The pain was spreading. He winced.
That light—so beautiful when he was human—was now fire. Wrath. Judgment. And it hated what he'd become.
She was always kind...
Always had my back, even when I didn't ask for it. Even gave me things to sell when I had nothing...
She doesn't deserve this.
His jaw tensed.
"Come on, Caelen. Don't be a bitch. You can take the heat."
He dropped into a low racing stance—hands on the dirt, shoulders tight, like a predator ready to pounce. His eyes locked on the glow.
"Three... two... one—GO!"
He launched.
Pain ripped across his chest and arms as the light scraped through his skin. No time to stop. No hesitation. He grabbed the tent's edge mid-run, yanking it clean off the stakes as he barreled through. Fabric shredded behind him like wings made of fire.
He kept moving. Once he was far enough, he circled back, tying strips of the tent around his arms as a buffer.
Then he saw her.
Floating.
Weightless.
Small golden wings unfurled slowly from her back like petals. A soft halo crowned her forehead, and light curled around her like a cocoon.
"Woah..." he whispered.
She was beautiful. Otherworldly.
An angel.
And yet… it felt wrong. Deep in his gut, something twisted. Something he did not like.
He didn't hesitate.
Caelen bolted toward her again, slower this time, not out of fear, but calculation.

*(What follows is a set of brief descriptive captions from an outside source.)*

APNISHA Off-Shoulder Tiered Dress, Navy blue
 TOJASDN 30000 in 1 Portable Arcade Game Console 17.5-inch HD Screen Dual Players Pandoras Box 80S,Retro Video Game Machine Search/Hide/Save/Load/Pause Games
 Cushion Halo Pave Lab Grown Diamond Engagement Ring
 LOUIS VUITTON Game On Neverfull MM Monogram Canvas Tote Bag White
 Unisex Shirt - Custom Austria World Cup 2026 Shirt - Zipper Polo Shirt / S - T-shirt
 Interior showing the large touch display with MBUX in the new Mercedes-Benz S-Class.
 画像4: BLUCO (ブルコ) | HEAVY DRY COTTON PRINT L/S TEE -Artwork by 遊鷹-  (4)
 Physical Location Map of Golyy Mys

He could feel the heat tearing into him again, but he pushed through. His skin screamed. The tent wraps burned, but he reached her. Grabbed her face.
Her lips parted.
And he shoved the smaller black seed into her mouth.
I'm sorry, Emma… this is the only way.
Then, in a sharp burst, he threw himself back, black wings erupting from his back mid-air, propelling him away just in time. He skidded across the grass, coughing from the burn, the light now a fading roar behind him.
He lay there, eyes squinting, watching the glow around her dim.
The pain started to dull.
The fabric on his arms was charred. His breath slowed.
And then—
[Congratulations on gaining your first demon servant.]
A soft red glow pulsed in front of his eyes. Lines of ancient script floated in the air, like someone was writing a story right in front of him.
Caelen blinked.
Then smiled.
"So it worked…"
He sat up slowly, his white hair fluttering with the last gust of divine wind, black horns catching the fading light.
"Guess this really is the beginning of something new."